Da es auch in der Westukraine zu Konflikten der Intellektuellen mit dem dort dominanten polnischen Landadel kam, wurde vor allem das kosakophile Wandertheater mit realistischen und satirischen Stücken zu einer Pflegestätte der ukrainischen Sprache in Russland. Autoren waren u. a. Iwan Karpenko-Karyj (eigentlich Iwan Karpowytsch Tobilewytsch), der in seinen 18 Komödien den russischen Kolonialismus, die Ignoranz der Großgrundbesitzer und die Verarmung der Bauern kritisierte und dafür zeitweise verbannt wurde,[5] Marko Kropywnyzkyj, der 1882 das erste ukrainische Tourneetheater gegründet hatte, und Mykola Sadowskyj, der 1898 das erste feste Theater mit ständigem Ensemble in Kiew organisierte.[6][7] Andere Schriftsteller wanderten nach St. Petersburg und Moskau ab. Mychajlo Kozjubynskyj begann seine schriftstellerische Tätigkeit mit realistischen Erzählungen, die unter dem Einfluss Tschechows eine psychologische Vertiefung erhielten und sich immer kritischer mit den sozialen Konflikten auf dem Lande auseinandersetzten (Fata Morgana, 1904/1910; dt. 1962).
In der zum Zarenreich gehörenden Südukraine verfasste Wolodymyr Wynnytschenko naturalistische Erzählungen aus dem Leben des Landproletariats, schilderte die Hinwendung der jungen Generation zur sozialistischen Bewegung und schrieb mehrere Dramen. Unter dem Zarismus mehrfach in Haft, versuchte er als überzeugter Sozialist am Aufbau der neuen ukrainische Republik mitzuwirken, ging aber schon 1920 ins Pariser Exil. Die in Tschernigow geborene, mit der russischen Sprache aufgewachsene Ljubow Janowska begann 1897 Geschichten über das Landleben in ukrainischer Sprache zu schreiben, später schrieb sie auch über das Leben der Städter (Городянка, „Stadt“, 1901).
20. Jahrhundert
Nach 1918
Nach dem Ersten Weltkrieg wurde die von Polen annektierte Westukraine rasch polonisiert. Die ukrainische Literatur konnte sich hier nur kurzfristig entfalten. Ein reges literarisches Leben organisierte sich in sozialistischen Dichtergruppen (um die dem Symbolismus nahestehende, aber kurzlebige Zeitschrift Mytusa der Herausgeber Wassyl Bobynskyj und Roman Kuptschynskyj (Роман Григорович Купчинський; 1894–1976) und die ebenfalls von Bobynskyj 1927 gegründete Zeitschrift Wikna) sowie in katholischen ukrainischen Dichtergruppen um die Zeitschrift Nowi Schlachy. Bobynskyj emigrierte 1930 in die Sowjetunion und wurde dort liquidiert. Die religiös-philosophische Lyrik des in Lwiw lebenden, früh verstorbenen Bohdan-Ihor Antonytsch (1909–1937) ist von Walt Whitman und Gabriele d'Annunzio beeinflusst; populär wurde sie in der Sowjetukraine trotz eines Verbots in den 1960er Jahren.

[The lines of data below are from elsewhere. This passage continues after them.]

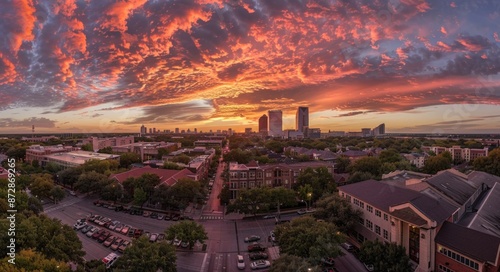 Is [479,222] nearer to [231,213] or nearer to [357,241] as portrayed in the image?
[357,241]

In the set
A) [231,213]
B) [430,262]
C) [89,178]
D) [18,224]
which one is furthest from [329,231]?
[89,178]

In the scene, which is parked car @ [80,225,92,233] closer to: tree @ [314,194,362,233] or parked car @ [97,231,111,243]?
parked car @ [97,231,111,243]

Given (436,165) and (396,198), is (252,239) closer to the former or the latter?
(396,198)

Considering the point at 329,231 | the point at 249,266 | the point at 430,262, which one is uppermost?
the point at 329,231

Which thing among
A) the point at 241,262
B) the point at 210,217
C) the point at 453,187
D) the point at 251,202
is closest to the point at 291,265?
the point at 241,262

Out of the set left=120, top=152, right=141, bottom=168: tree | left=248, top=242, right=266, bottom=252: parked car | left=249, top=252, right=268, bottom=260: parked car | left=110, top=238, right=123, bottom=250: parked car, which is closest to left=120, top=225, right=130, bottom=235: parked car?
left=110, top=238, right=123, bottom=250: parked car

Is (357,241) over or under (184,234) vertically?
under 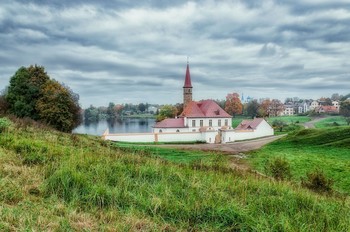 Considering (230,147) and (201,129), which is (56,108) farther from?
(201,129)

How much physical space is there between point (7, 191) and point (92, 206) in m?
1.22

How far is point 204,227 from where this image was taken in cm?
400

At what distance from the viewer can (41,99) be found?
126 ft

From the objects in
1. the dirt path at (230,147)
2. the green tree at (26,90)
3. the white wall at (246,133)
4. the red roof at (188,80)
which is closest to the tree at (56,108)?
the green tree at (26,90)

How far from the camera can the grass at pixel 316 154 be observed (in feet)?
51.0

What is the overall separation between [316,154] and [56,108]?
27056 mm

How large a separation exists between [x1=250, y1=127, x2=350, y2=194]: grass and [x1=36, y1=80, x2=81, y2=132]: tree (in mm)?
21683

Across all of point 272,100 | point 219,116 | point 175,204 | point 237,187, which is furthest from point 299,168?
point 272,100

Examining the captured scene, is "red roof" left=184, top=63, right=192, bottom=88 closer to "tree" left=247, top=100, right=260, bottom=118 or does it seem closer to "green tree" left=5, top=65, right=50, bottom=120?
"green tree" left=5, top=65, right=50, bottom=120

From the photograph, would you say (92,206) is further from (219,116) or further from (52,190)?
(219,116)

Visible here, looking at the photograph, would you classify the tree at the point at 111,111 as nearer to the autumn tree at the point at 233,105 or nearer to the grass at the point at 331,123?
the autumn tree at the point at 233,105

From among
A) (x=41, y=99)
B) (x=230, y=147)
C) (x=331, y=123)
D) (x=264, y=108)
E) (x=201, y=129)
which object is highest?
(x=264, y=108)

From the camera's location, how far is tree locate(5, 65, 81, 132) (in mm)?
36656

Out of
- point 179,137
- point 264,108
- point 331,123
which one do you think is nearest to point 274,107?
point 264,108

Die Literatur in der Zentral- und Ostukraine hingegen wurde nach Gründung der Ukrainischen Sowjetrepublik geprägt von der Sowjetzeit, ihren Chancen und Einschränkungen. Hier wurde seit 1923 die ukrainische Sprache im Rahmen der Korenisazija-Politik gefördert (Ukrainisierung). Es entstand eine literarische Öffentlichkeit; viele Autoren orientierten sich an westeuropäischen Vorbildern, so etwa Dmytro Sahul am Symbolismus. Als Lyriker der 1920er und 30er Jahre sind Wolodymyr Swidsinskyj, Pawlo Tytschyna und Jewhen Pluschnyk zu erwähnen. Mykola Kulisch trat als Vertreter eines proletarischen Theaters hervor, das sich vor allem den Nöten der Landbevölkerung widmete. In Charkow wurde das expressionistische Theater Berezil gegründet, das auch seine Stücke aufführte, die von Anfang an mit der Zensur zu kämpfen hatten. In den frühen 1930er Jahren – der Zeit der Kollektivierung der Landwirtschaft und der Hungersnot – fielen zahlreiche ukrainische Intellektuelle, darunter etwa 300 Schriftsteller, Stalins Verfolgungen zum Opfer (Rosstriljane widrodschennja). Die Werke Mykola Kulischs und anderer Autoren wurden als nationalistisch kritisiert und sind nur unvollständig erhalten; er wurde 1937 ebenso wie der Regisseur Les Kurbas, der seine Stücke in Charkow auf die Bühne brachte, erschossen. Der ukrainische Schriftstellerverband wurde zugunsten des gesamtsowjetischen liquidiert.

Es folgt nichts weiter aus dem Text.